▸ **PROBLEM REQUIREMENTS**:
Everything from the line containing "Смартфон Motorola Moto" through the final line below must be output exactly, both ends included, with nothing else and no pictures.

--

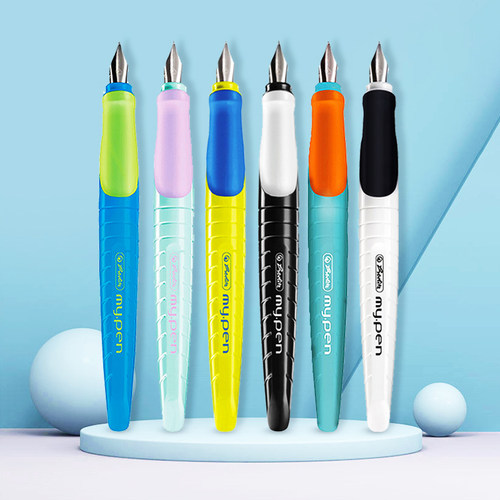 小学生练字钢笔Pelikan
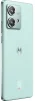 Смартфон Motorola Moto Edge 40 Neo 12/256GB Dual Sim Soothing Sea (PAYH0081RS) - 7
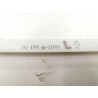Wycieraczki Mazda OE przód 530 mm 480 mm BP4K-67-330 BP4K-67-330-9K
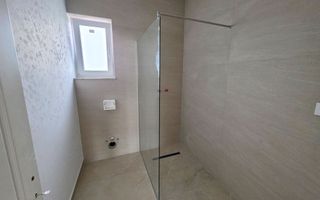 Casă 4 camere, 375 mp teren, predare la cheie, zona Valea Popii - Poză 9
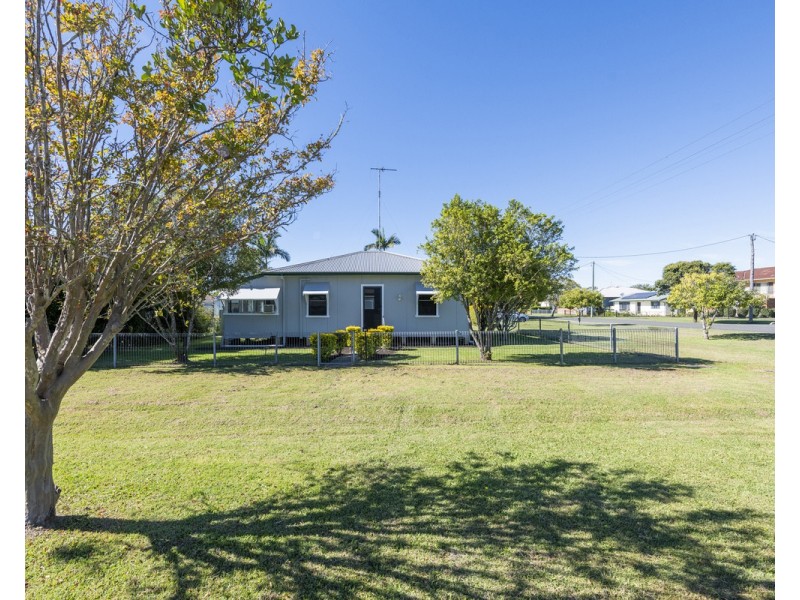 36 Milton Street, Grafton NSW 2460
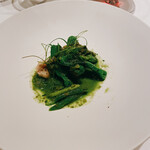 カンテサンス -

--

▸ **ANSWER FOR THIS EXERCISE**:
 Смартфон Motorola Moto Edge 40 Neo 12/256GB Dual Sim Soothing Sea (PAYH0081RS) - 7
Wycieraczki Mazda OE przód 530 mm 480 mm BP4K-67-330 BP4K-67-330-9K
 Casă 4 camere, 375 mp teren, predare la cheie, zona Valea Popii - Poză 9
 36 Milton Street, Grafton NSW 2460
 カンテサンス -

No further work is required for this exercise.